:: Data shown ::
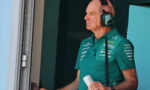 Pit crew member in a teal polo and headset stands at a pit window, holding a white can.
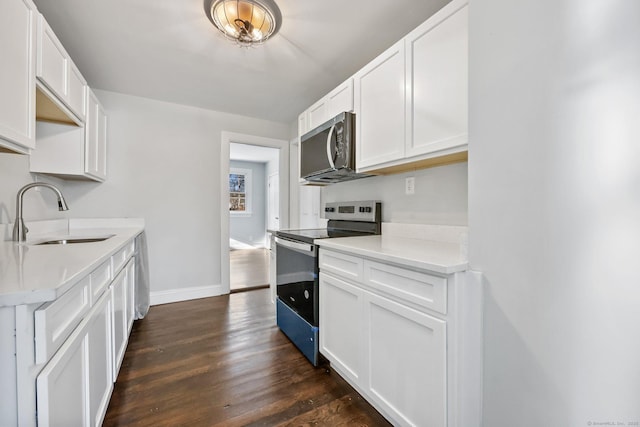 kitchen featuring stainless steel microwave, dark wood-type flooring, light countertops, a sink, and range with electric stovetop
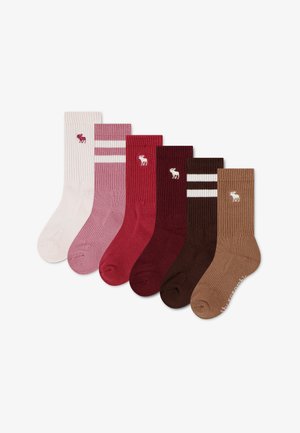 Six paires de chaussettes côtelées en crème, rose à rayures, rouge, rouge foncé, marron à rayures et beige, chacune avec un petit logo élan près du haut.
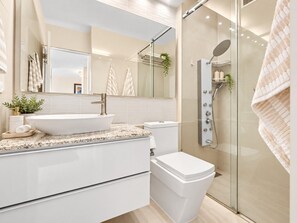 A modern bathroom with a glass-enclosed shower, a white sink, and a large mirror.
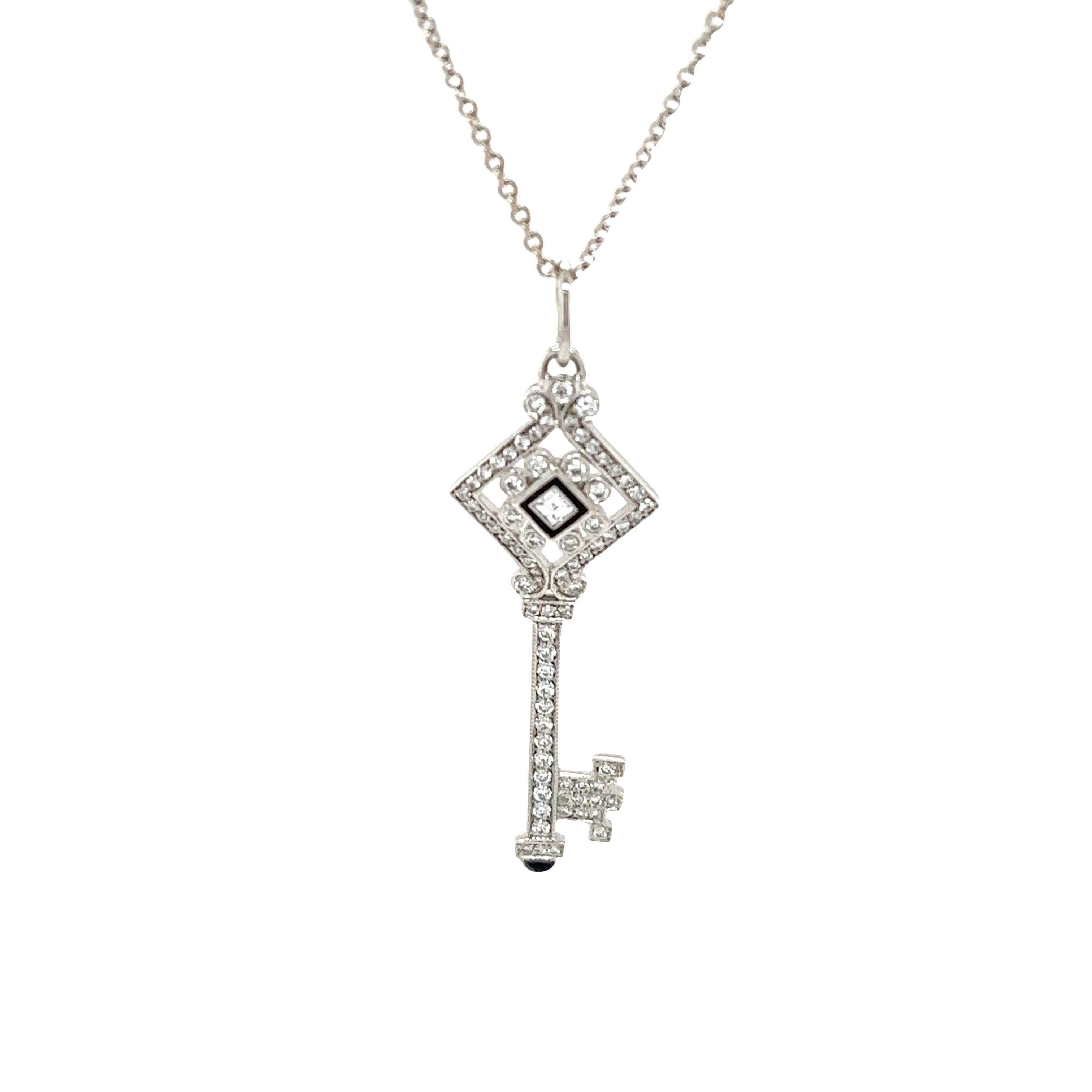 Elevate your style with this exquisite diamond black enamel 18ct white gold key pendant.
Crafted with precision and elegance, this pendant features a stunning design adorned with shimmering diamonds, with a total weight of 0.35ct F/VS brilliant cut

:: Exercise details ::
Please retype the records above exactly, excluding every picture.

:: Output of the task ::
 Pit crew member in a teal polo and headset stands at a pit window, holding a white can.
 kitchen featuring stainless steel microwave, dark wood-type flooring, light countertops, a sink, and range with electric stovetop
 Six paires de chaussettes côtelées en crème, rose à rayures, rouge, rouge foncé, marron à rayures et beige, chacune avec un petit logo élan près du haut.
 A modern bathroom with a glass-enclosed shower, a white sink, and a large mirror.
 Elevate your style with this exquisite diamond black enamel 18ct white gold key pendant.
Crafted with precision and elegance, this pendant features a stunning design adorned with shimmering diamonds, with a total weight of 0.35ct F/VS brilliant cut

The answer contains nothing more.